Gatekeeping Truth — Making it Disappear


Last week, the founder of a Christian gaming app called TruPlay appealed to Congress after TikTok and Google repeatedly rejected his advertisements. The platforms cited their policy on targeting people for “religious content” as being the issue. But even after the language was revised and the targeting broadened, the ads were still rejected. Eventually, TikTok banned all TruPlay advertising from the platform.

At one point, the company faced “rejections multiple times a week,” according to attorneys representing the founder. TruPlay CEO, Brent Dusing, called the impact “devastating.”

“When you lose those platforms,” he explained, “you lose a massive ability to reach your audience.”

Google and TikTok function as gatekeepers for the digital marketplace. Their ad systems determine which messages circulate widely and which never see the light of day. In this day of modern advertising, organizations increasingly rely on online visibility to get word out about their products. As Dusing found out, getting excluded from the marketplace by Google or TikTok carries immediate consequences.

Devastating Impact on Christian Businesses

For decades, Chick gospel tracts have been printed, handed out, mailed, and shared. Today, as we seek to reach audiences online, the same messages we’ve always shared encounter new barriers. Similar to TruPlay, ads are rejected. Campaigns are restricted. Content is flagged or removed entirely.

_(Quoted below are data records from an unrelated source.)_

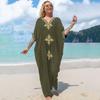 2023 European & American Cotton Embroidered Beach Vacation Dress & Bikini Cover-up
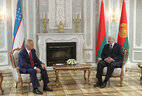 Двусторонняя встреча президентов Беларуси и Узбекистана Александра Лукашенко и Ислама Каримова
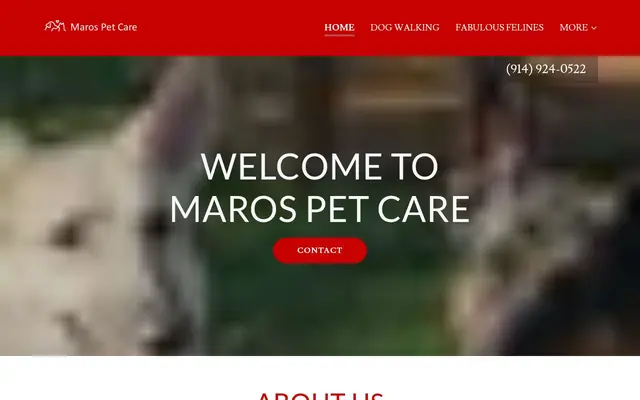 Homepage of Maros Pet Care – cat sitter in Brooklyn, NY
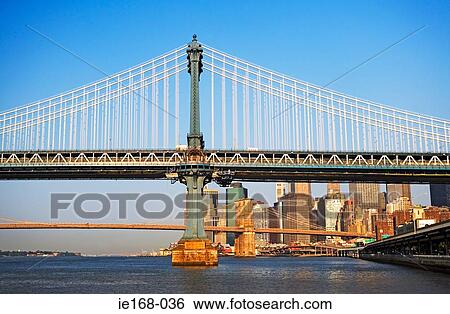 Manhattan bridge View Large Photo Image Stock Photograph - Manhattan bridge. Fotosearch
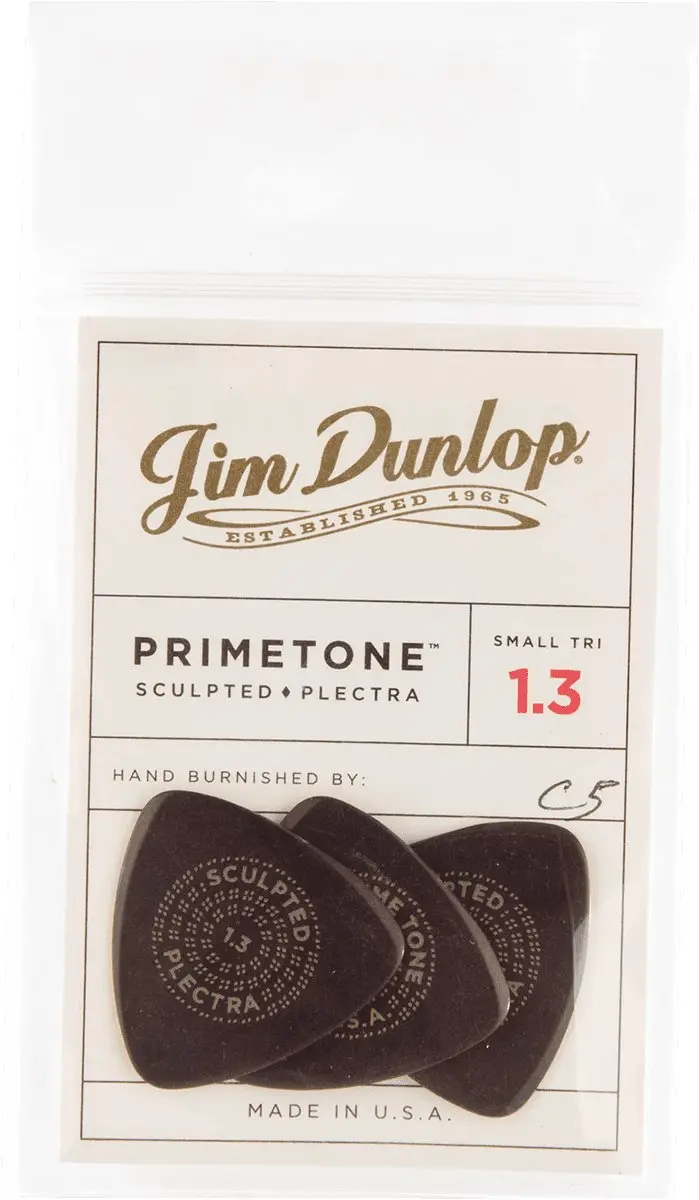 Dunlop Jim Dunlop Primetone Plectrum Small Tri 1.50mm - 3 Stuks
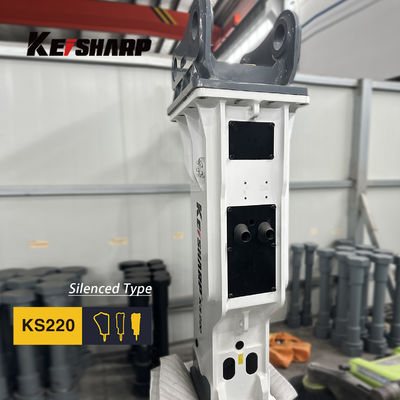 KS220 Tipo de caja Máquina de rotura hidráulica de roca Diámetro del cincel 140 mm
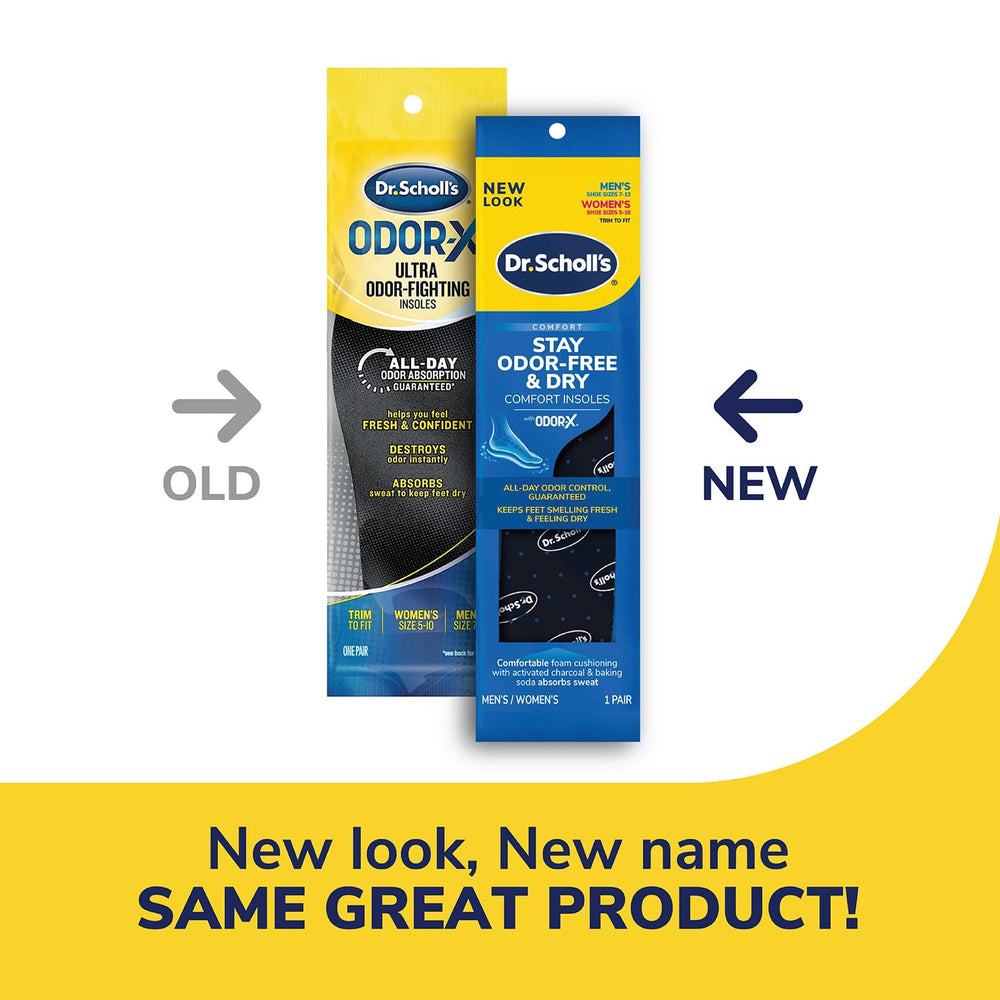 Dr. Scholl's Odor-X: ajuste para tallas 7-13 hombres y 5-10 mujeres.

This is the environment facing Chick Publications and countless other Christian publishers and ministries. Advertising with the clear presentation of the gospel now hits filters controlled by companies that decide which ideas are acceptable for public view. When it comes to the gospel, they almost always reject it.

Even pro-life pregnancy centers report growing difficulty reaching women online. Some say Google has blocked them from purchasing ads. Others report that all traffic to their website disappeared overnight due to Google’s algorithm. Some centers say that they can’t even find their business when searching for it by name.

It’s About to Get Worse

In Washington state, a proposed bill regulating AI chat systems would impose heavy compliance requirements on developers of specialized tools while exempting the largest technology platforms. One developer building a faith-based AI assistant warned that the bill would halt her work entirely.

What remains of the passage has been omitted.